## [Extracted information]
=-=-=

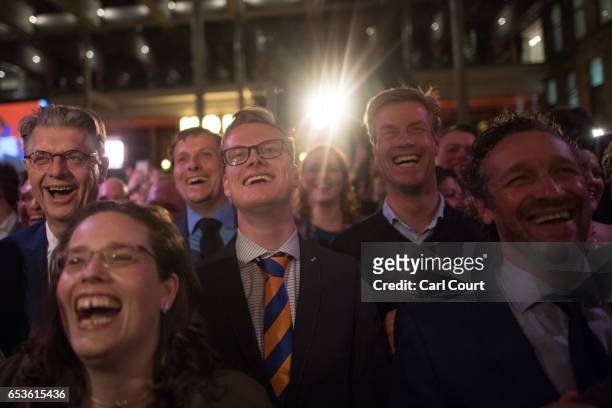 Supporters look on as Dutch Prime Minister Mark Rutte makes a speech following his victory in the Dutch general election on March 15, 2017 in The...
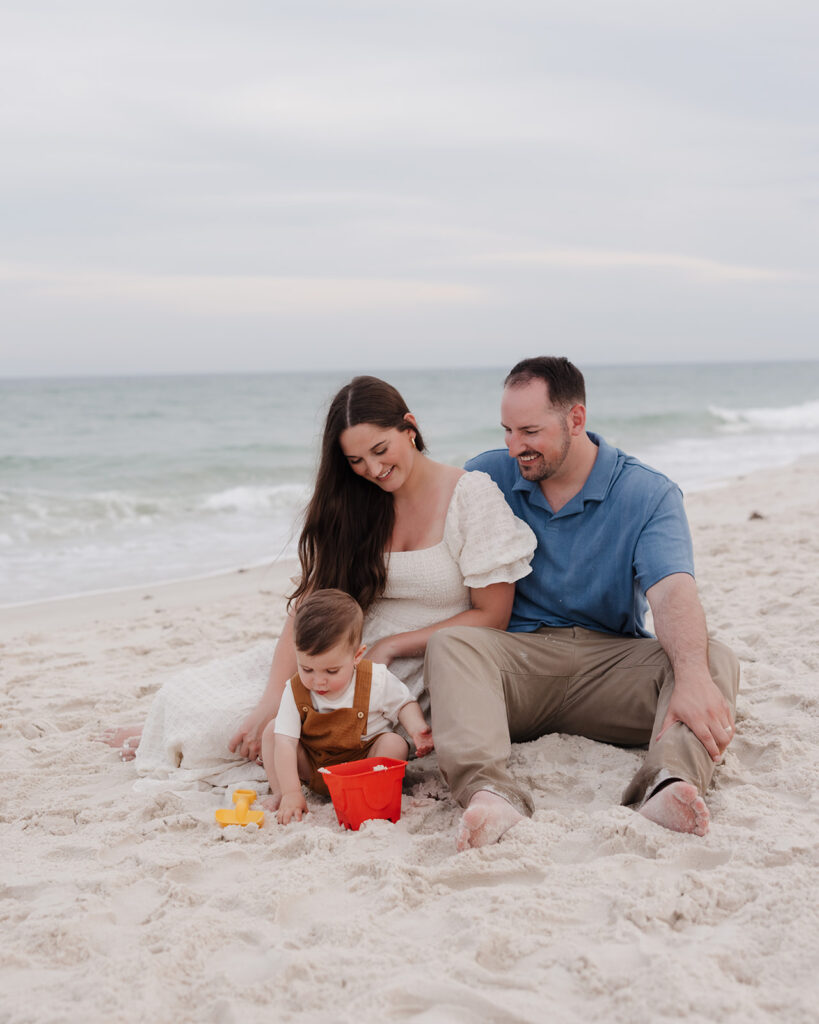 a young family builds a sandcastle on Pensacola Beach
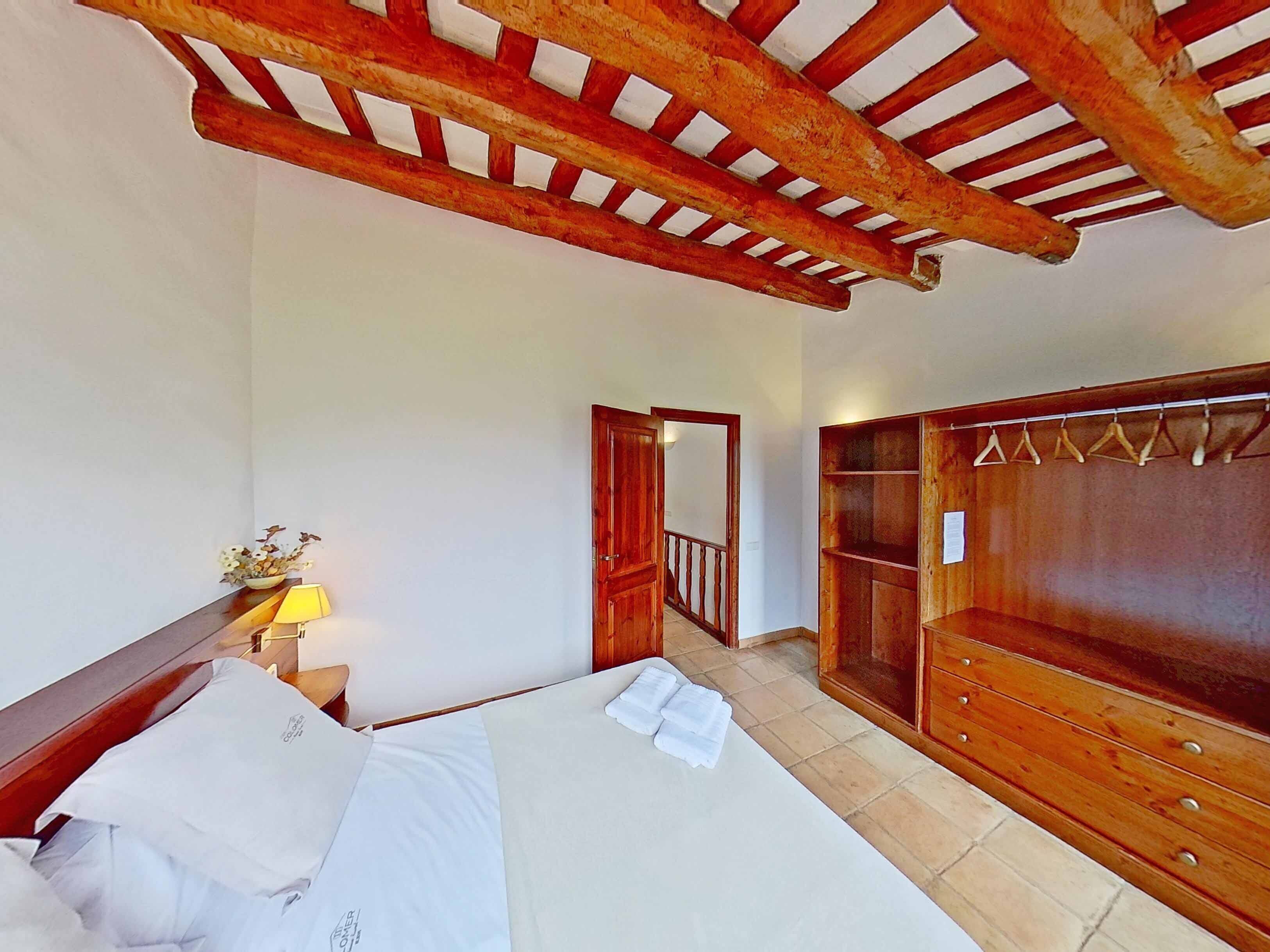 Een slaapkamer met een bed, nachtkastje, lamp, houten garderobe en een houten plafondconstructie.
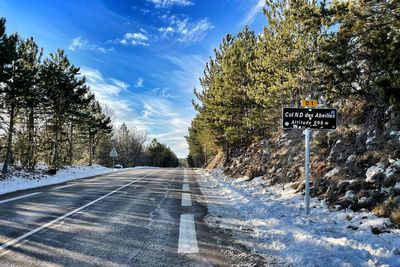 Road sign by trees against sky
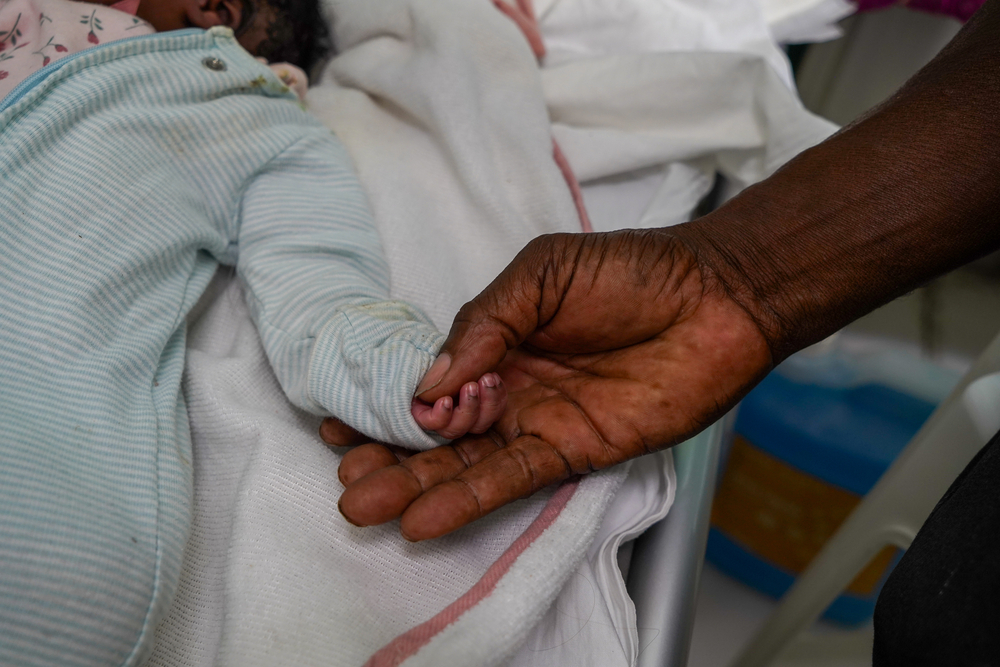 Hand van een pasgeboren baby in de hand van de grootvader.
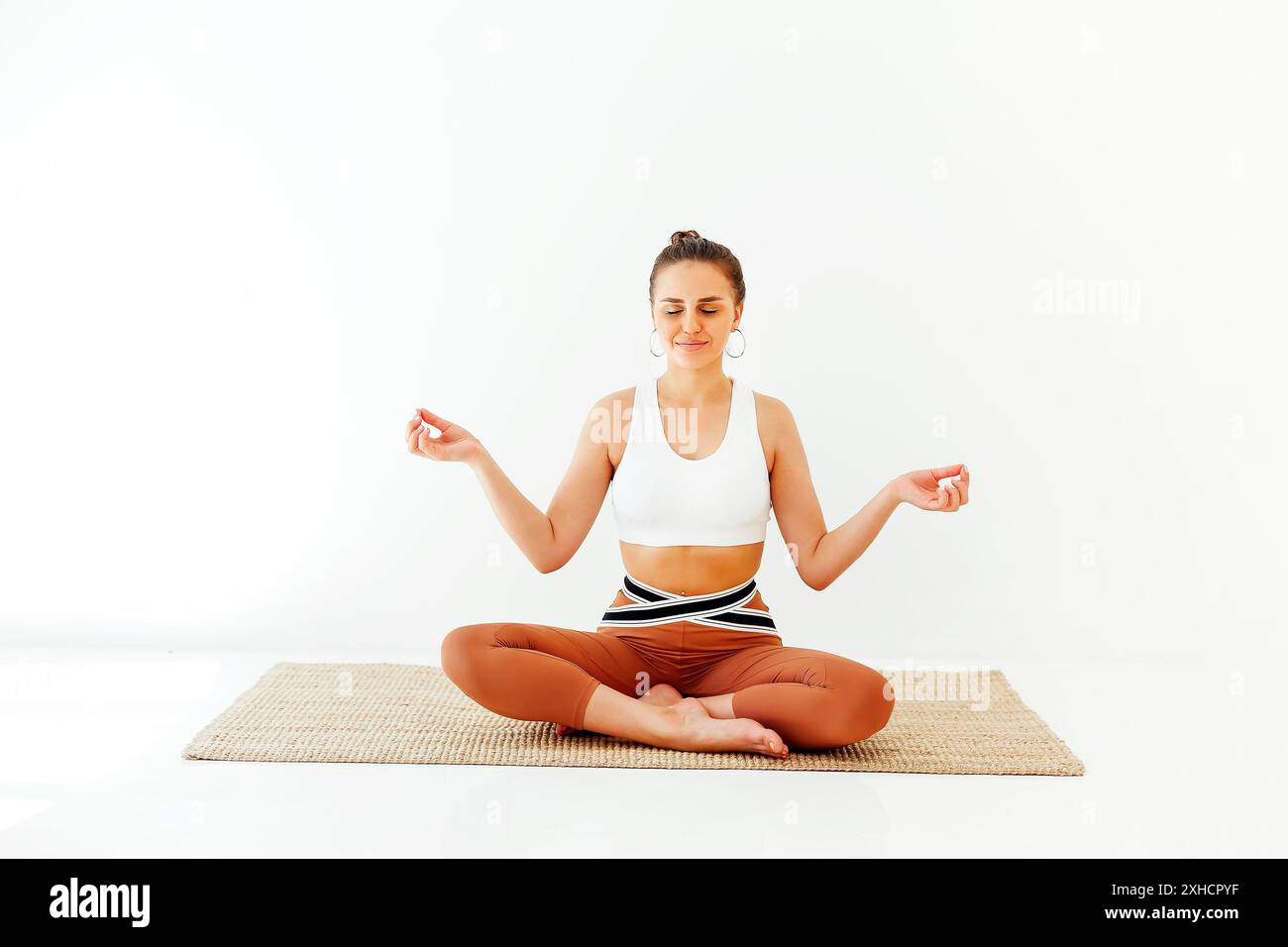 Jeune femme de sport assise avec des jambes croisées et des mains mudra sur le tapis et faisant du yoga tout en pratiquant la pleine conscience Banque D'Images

=-=-=

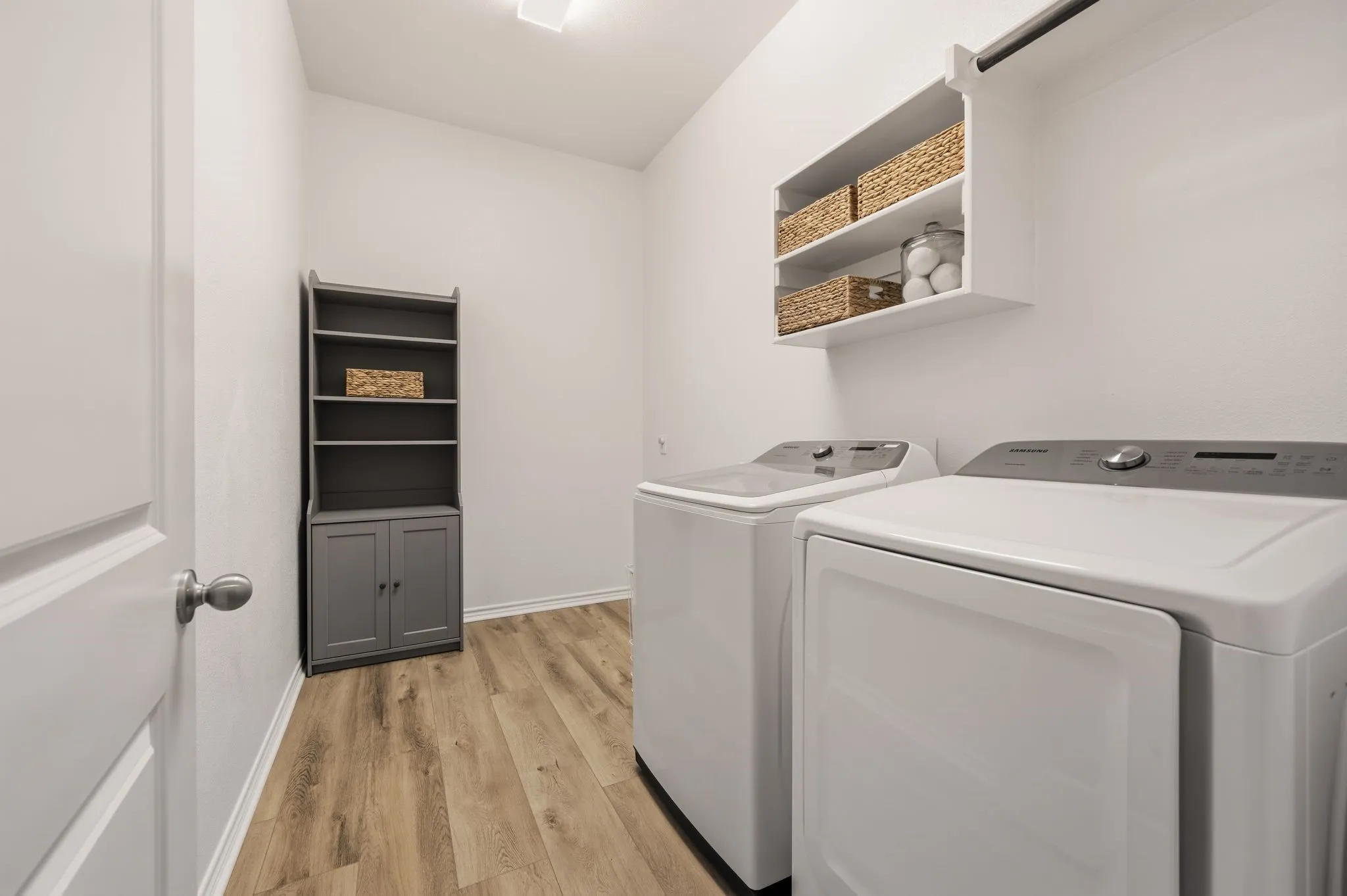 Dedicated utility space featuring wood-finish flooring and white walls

=-=-=

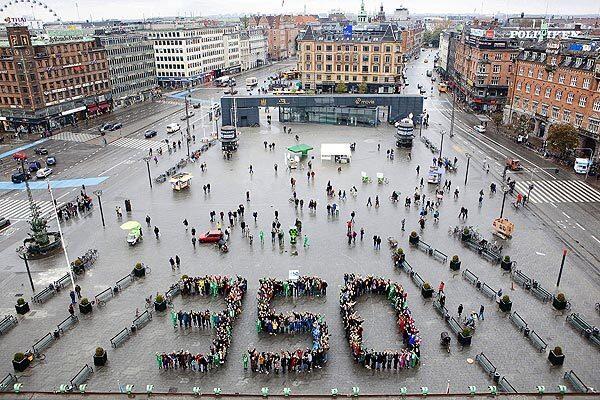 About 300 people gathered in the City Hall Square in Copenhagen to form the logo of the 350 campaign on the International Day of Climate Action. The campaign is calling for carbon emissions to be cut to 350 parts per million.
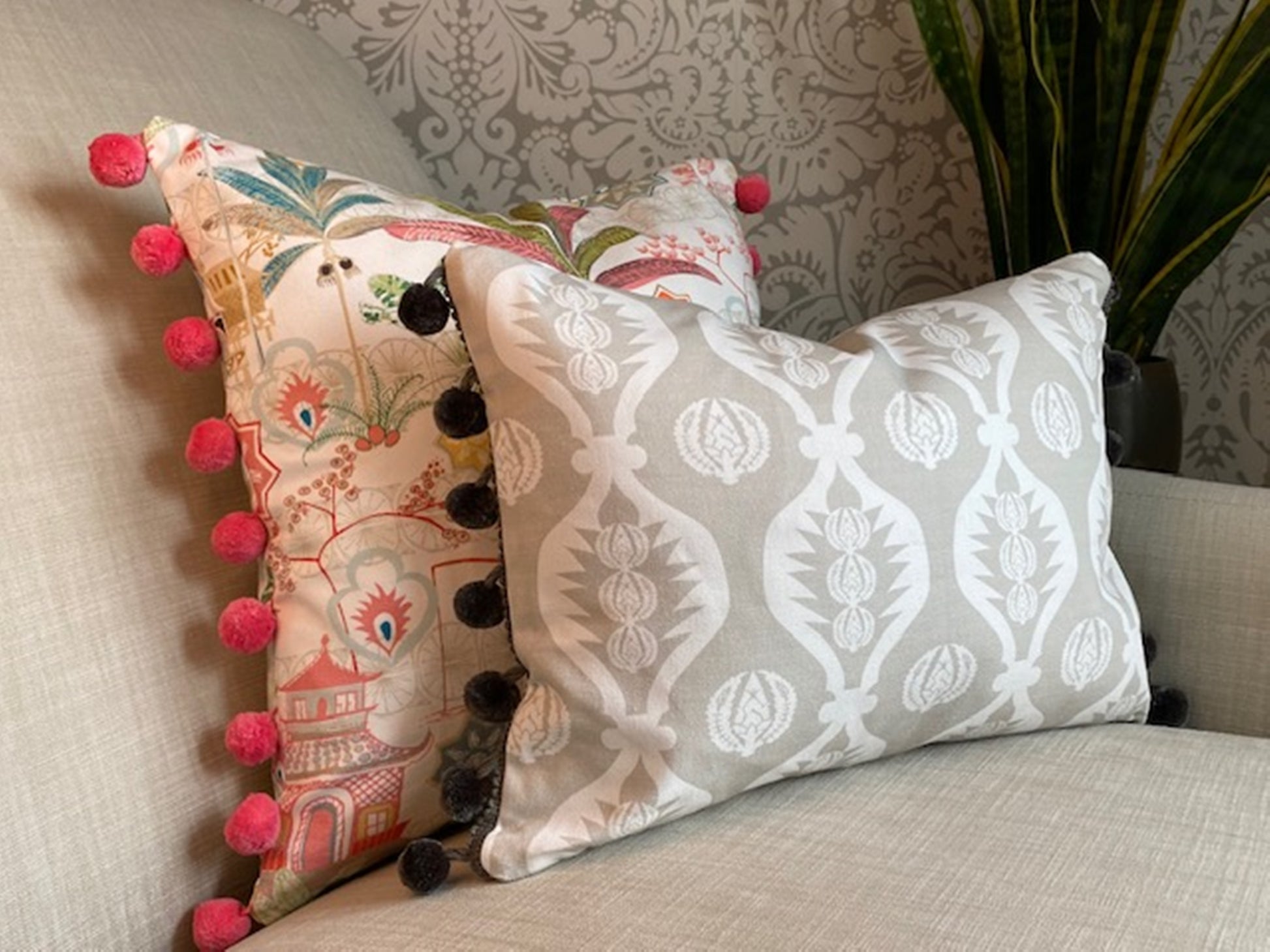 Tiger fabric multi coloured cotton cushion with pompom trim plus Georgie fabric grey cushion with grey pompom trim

=-=-=

## [Exercise brief]
Above is the material; set down exactly its lines from the one containing "Supporters look on" down to the one containing "Jeune femme de", both included, leaving out any pictures.

## [Exercise result]
 Supporters look on as Dutch Prime Minister Mark Rutte makes a speech following his victory in the Dutch general election on March 15, 2017 in The...
 a young family builds a sandcastle on Pensacola Beach
 Een slaapkamer met een bed, nachtkastje, lamp, houten garderobe en een houten plafondconstructie.
 Road sign by trees against sky
 Hand van een pasgeboren baby in de hand van de grootvader.
 Jeune femme de sport assise avec des jambes croisées et des mains mudra sur le tapis et faisant du yoga tout en pratiquant la pleine conscience Banque D'Images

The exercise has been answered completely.